Digitale Medien – Paradies oder Apokalypse?

von: Ursula Mayr Filed under: Blog | TB | No Comments

 
 

Wohin balancieren wir? Die Medienwissenschaftler werden es uns nicht sagen, die sind zu beschäftigt mit ihren konträren Ansätzen über die Rolle der Post-post-Medien in der späten Postmoderne und der postmodernen Consumer. Irgendwie scheinen immer beide Parteien recht zu haben – das war früher auch einfacher.
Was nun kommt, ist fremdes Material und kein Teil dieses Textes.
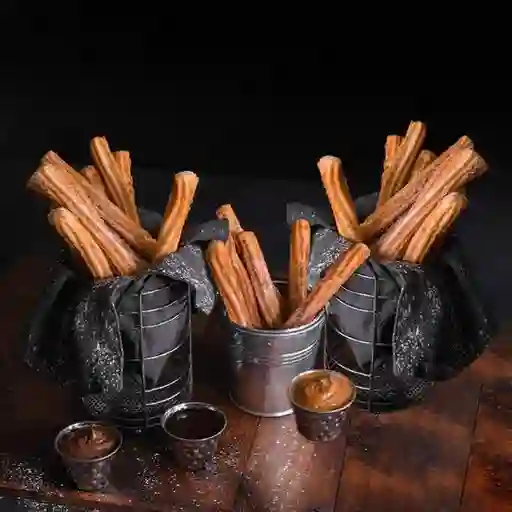 30 Churros Españoles con 3 Salsas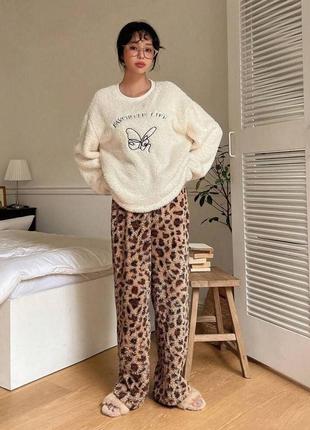 Пижама женская теплая молочная молочная оверсайз кофта штаны свободного кроя с леопардовым принтом качественная стильная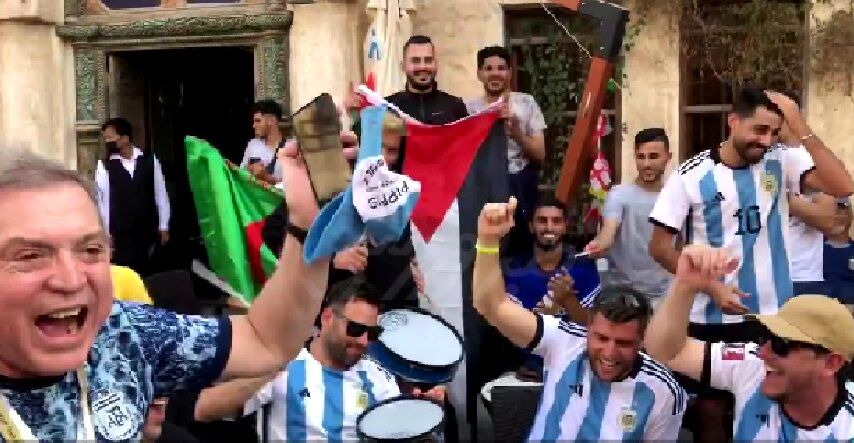 ویدیو| حضور پررنگ هواداران آرژانتین در خیابان‌های قطر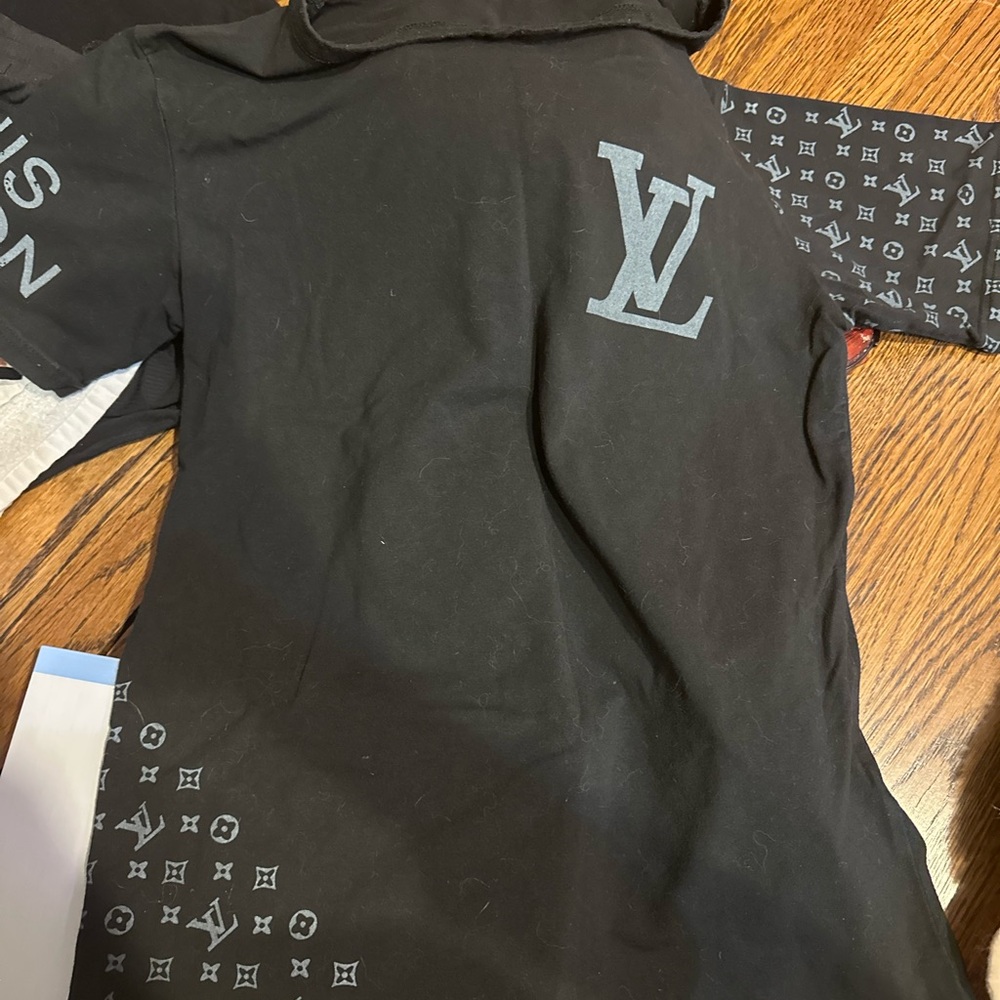 Louis Vuitton Black Garment Tag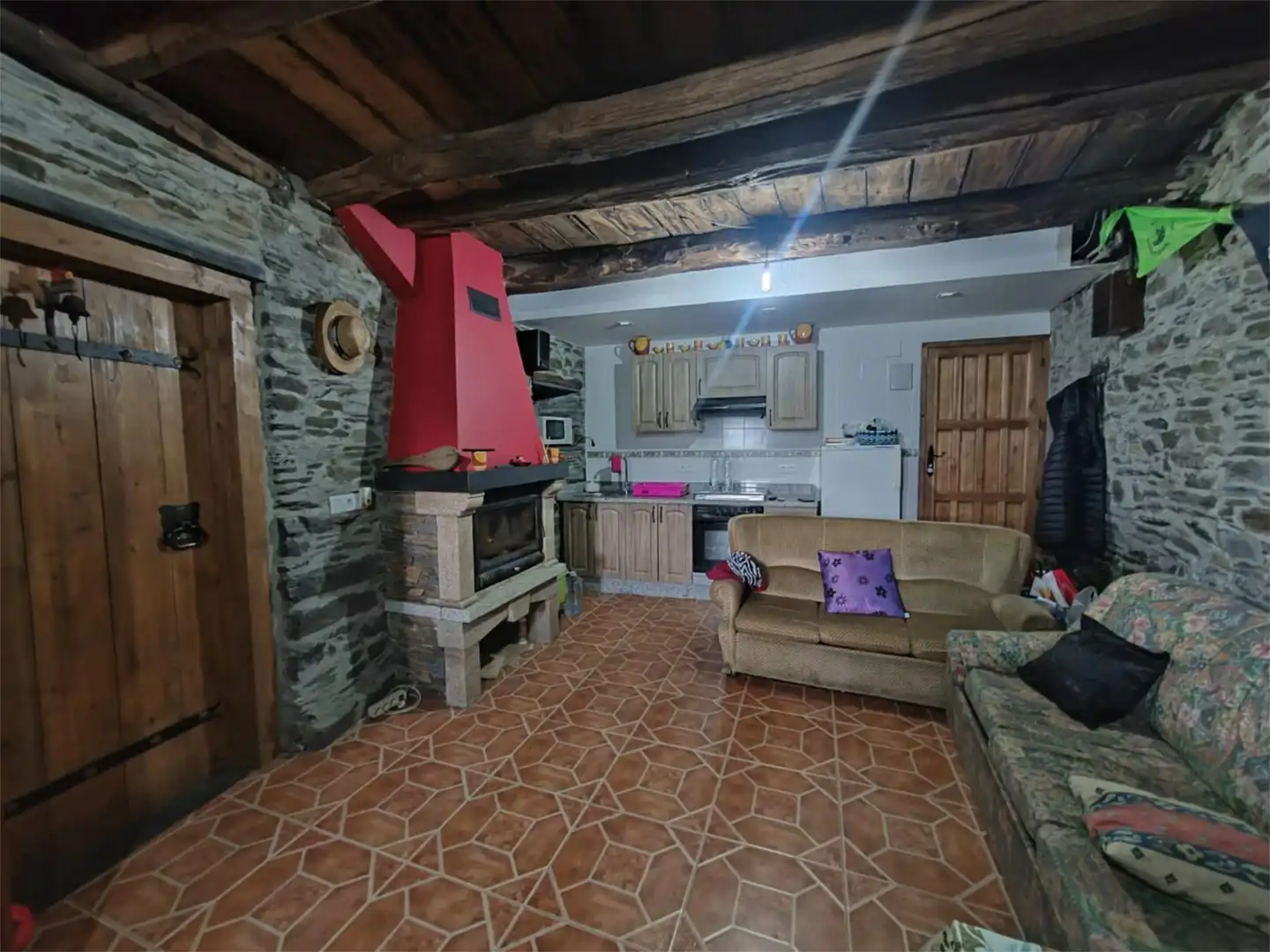Casa adosada en venta en Lugar Correxais, 60, Vilamartín de Valdeorras Sala de estar de Casa adosada en venta en Vilamartín de Valdeorras con Calefacción, Trastero y Amueblado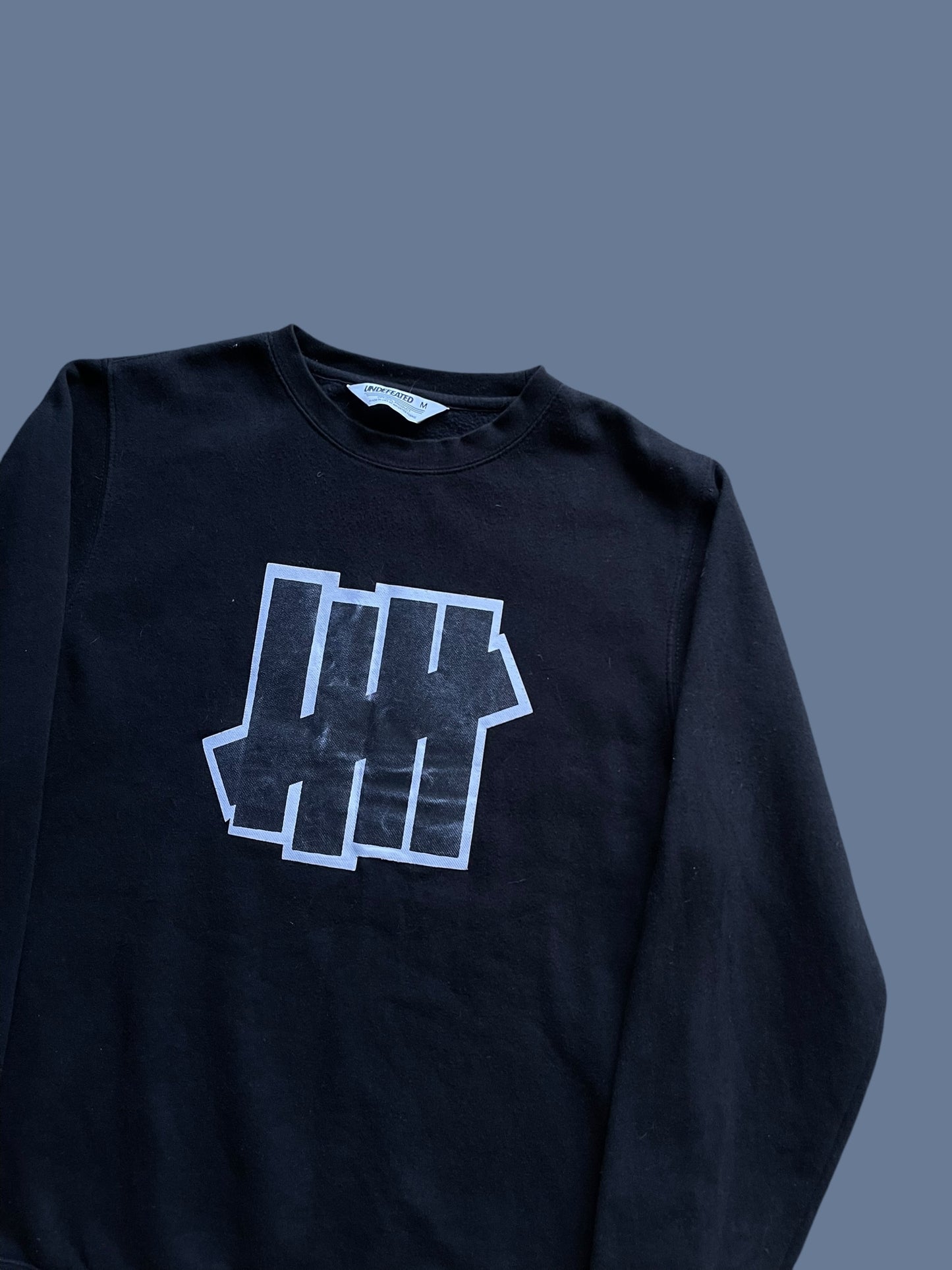 UNDEFEATED CREWNECK (M)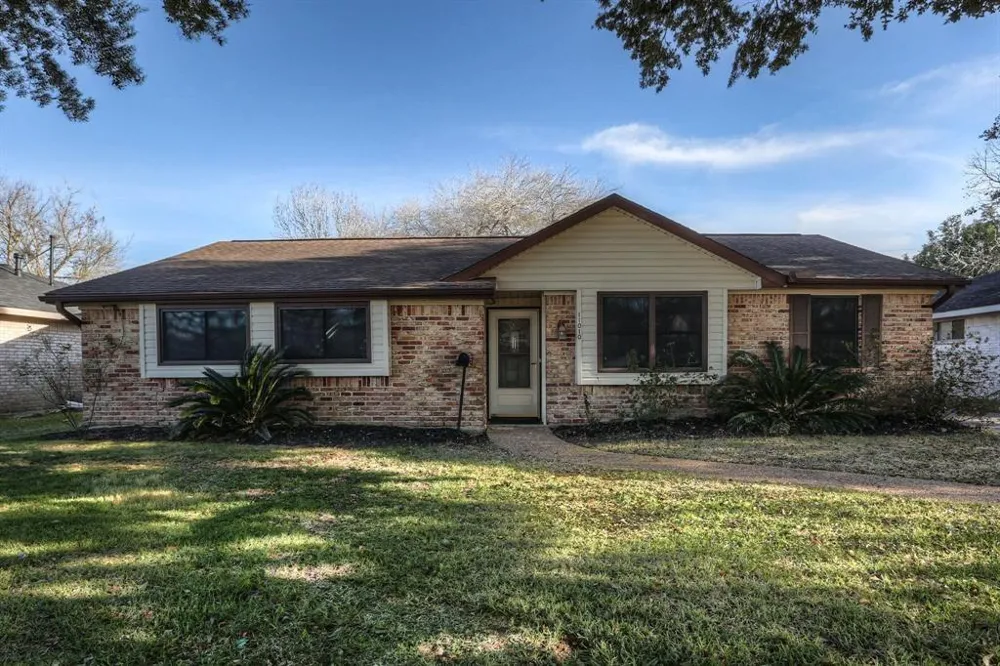 11010 Sagecrest Lane Houston, TX 77089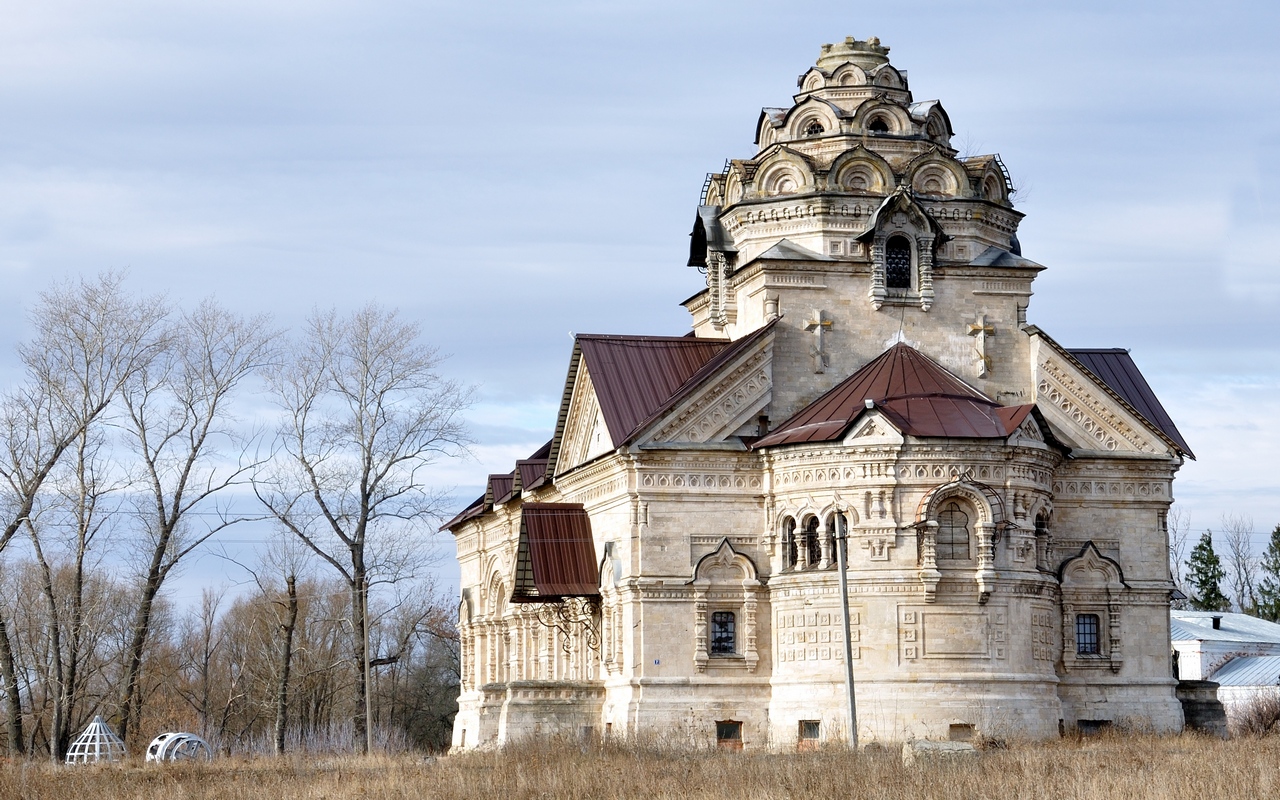 Возрождается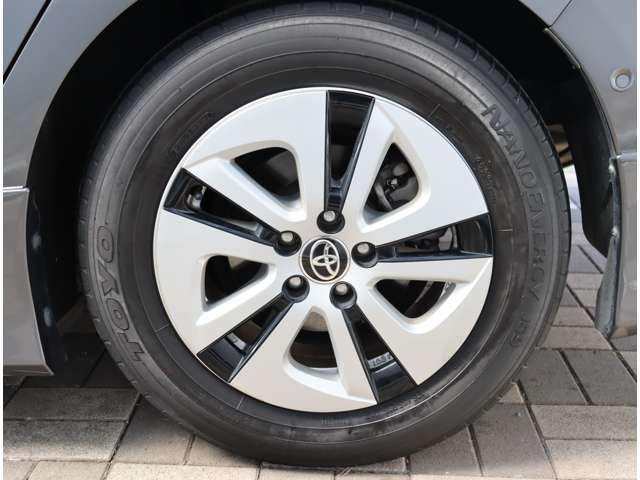 トヨタ プリウス １．８ Ａ H29年 (関東) 99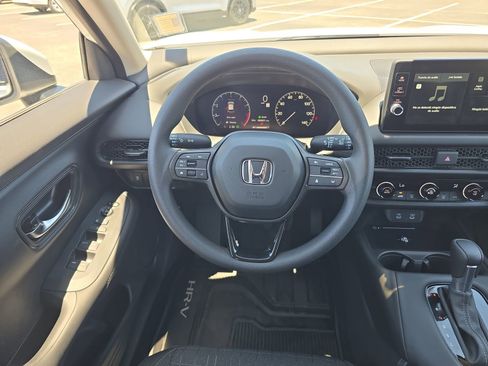 Used 2026 Honda HR-V LX image 10
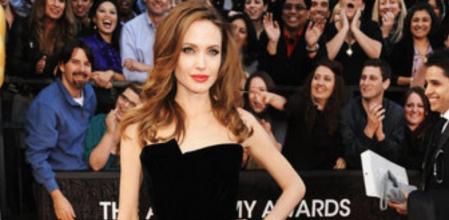 Angelina Jolie de Versace enseñando pierna en la entrada de los Oscar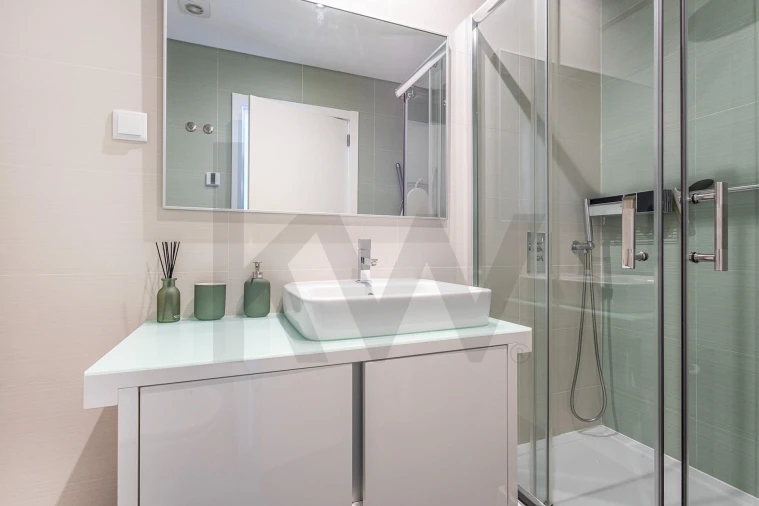 Apartamento T4 para Venda em Carcavelos e Parede Foto 22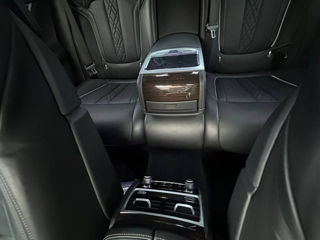 BMW 7 Series foto 6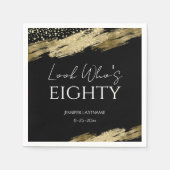 80th誕生日パーティー金ゴールドブラックルック誰が スタンダードカクテルナプキン (正面)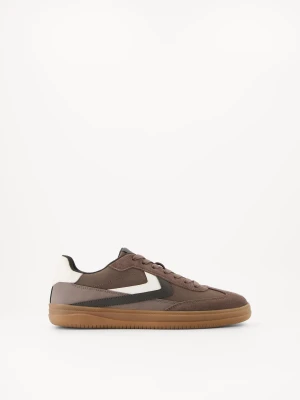 Bershka Buty Sportowe Retro Mężczyzna Brązowy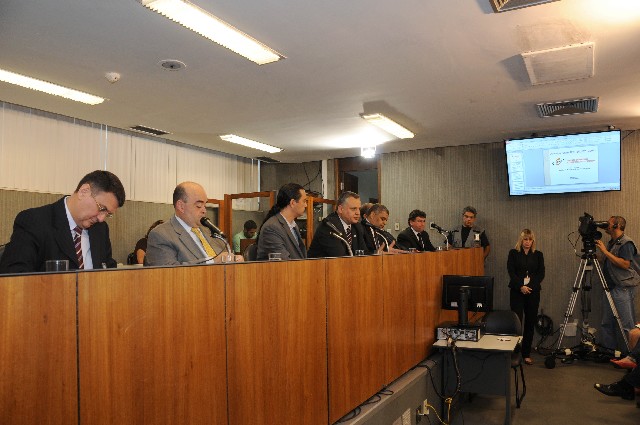 Parlamentares defenderam a reivindicação de que a norma englobe todos os servidores do Fisco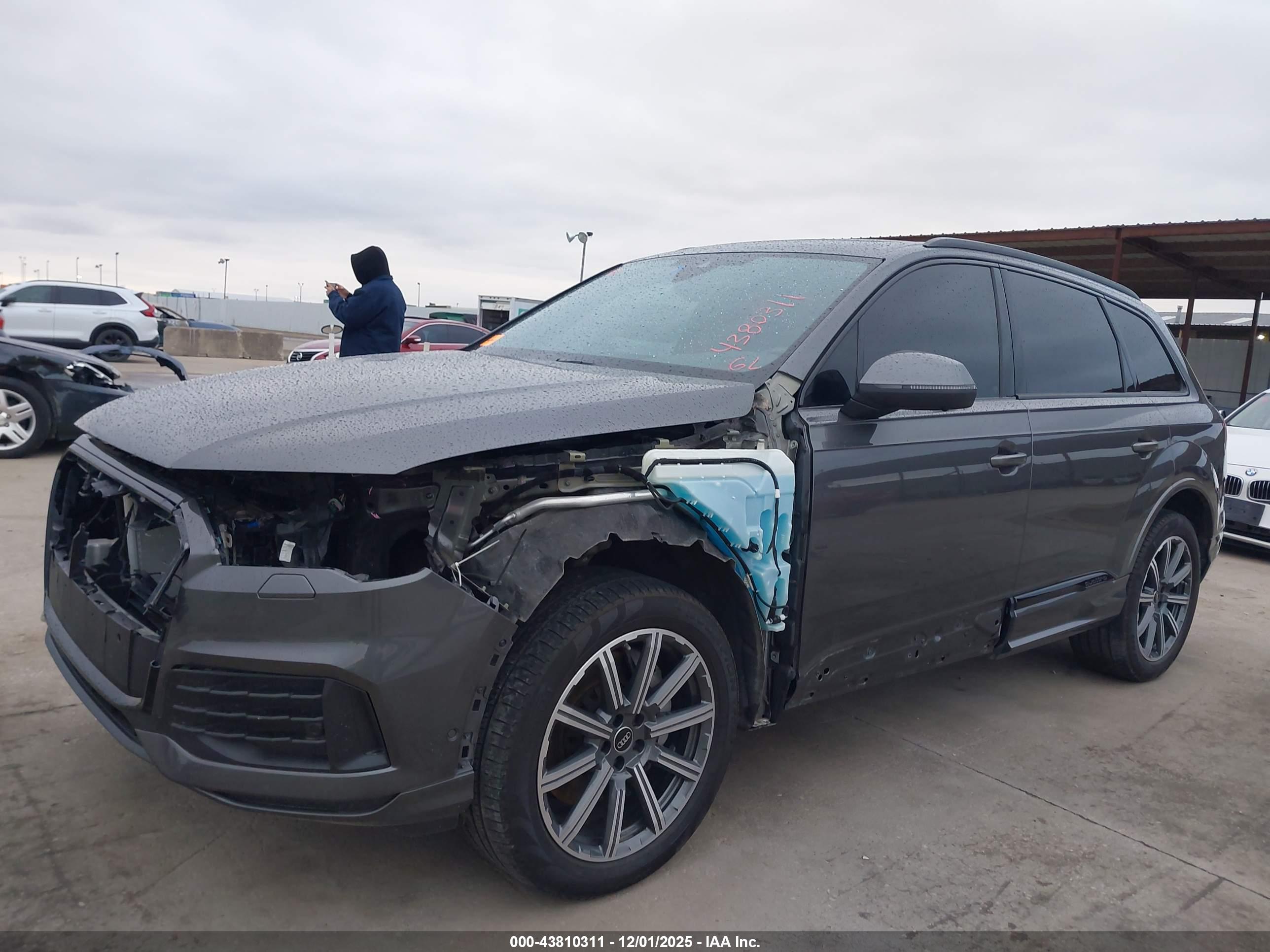 AUDI Q7 image 6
Die Medienwissenschaftler Georg Seeßlen und Markus Metz äussern sich über die gegenwärtige Medienlandschaft in ihrem umfangreichen Werk Blödmaschinen – es geht um Medienprodukte, die Kommunikation, Urteilskraft und intellektuelle Betrachtung einschränken, einfache Narrative erschaffen und auf Stereotype eindampfen, um Aufmerksamkeit, Konsum oder Zusammenschluss zu erzeugen. Neoliberale Gesellschaftsstrukturen begünstigen diese Prozesse. Nun kommt einem das Ganze auch ein bisschen bekannt vor – die Gesellschaftstheorie der 60er Jahre beschäftigte sich ebenso mit Verdummungs- und Gleichschaltungsmechanismen von Presse und Fernsehen – der Rundfunk geriet damals bereits sehr ins Hintertreffen und beschäftigte sich eher mit Erhaltung von herkömmlicher Kultur. Das ist also im Prinzip nicht neu, wird von den Autoren aber ausgeweitet auf Popkultur, social media, digitale Plattformen, Blogs und Chatrooms und sicher noch einiges mehr, das mir jetzt nicht einfällt.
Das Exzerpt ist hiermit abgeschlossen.